The week before last, there was some talk of player agents and the NFLPA withholding players from participating in the 2011 NFL Scouting Combine, the annual event which goes a long way toward making final determinations about draft stock...and the contracts that draft picks receive. Most considered the prospects of a Combine boycott minimal at that point in time, but that was before the NFL floated a rookie wage scale proposal last week. Agents and the NFLPA are scheduled for a conference call today to discuss the matter, amongst other issues, according to Jason Cole at Yahoo Sports.
I hate to clip this much text from a must-read article, but this is the money quote. Sayeth one agent:
I'm all for getting those contracts for the top six to 10 players under control; we all see that it's a problem. But what the league is talking about, it's criminal. Five years and a flat amount? For a lot of guys that's their whole career. We all get it, [disappointing] guys like JaMarcus Russell(notes), Aaron Maybin(notes) or even Matt Stafford getting hurt, there's a lot of risk for the clubs.
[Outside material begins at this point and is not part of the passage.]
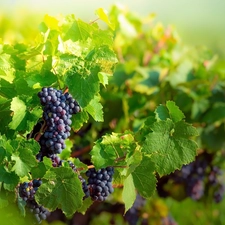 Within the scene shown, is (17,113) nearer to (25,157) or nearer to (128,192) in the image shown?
(25,157)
But if a guy plays and plays well, there should be ways for him to make up the difference.
Under the league's proposal the top pick in the draft would get a five-year, $19 million contract with $6 million guaranteed. That's a little more than most of us are going to make over the next five (hundred) years, but it's a far cry from the six-years, $72 million that Sam Bradford got, with $50 million guaranteed.
However, it's no small task being asked of Bradford, a 23-year-old tasked with reviving a dying franchise that's struggled to sell tickets or garner decent television ratings for five years now. Professional football is an incredibly profitable venture, more so than ever, so to some extent large contracts for players with that kind of responsibility are justified. After all, their success on the field is what sells tickets and helps get stadiums built. They deserve a share of the loot, but the $50 million guaranteed is a little extreme.
And you can see in the article that agents, agents, are willing to negotiate on the rookie salaries.
Despite their anger over the status of negotiations, a Combine boycott is still highly unlikely. It would be impossible to get all agents and players to agree to skip the event, especially with some players really needing the opportunity to boost their draft stock.
A boycott may be out, but read the article and you can expect some form of protest to impact the Combine. Some of the bigger name players could skip and use a pro day or private workout to make up for it. Sam Bradford didn't throw at the Combine; it was his workout in Norman, OK that cemented his status.
Fireworks in Indianapolis, just about 10 days away.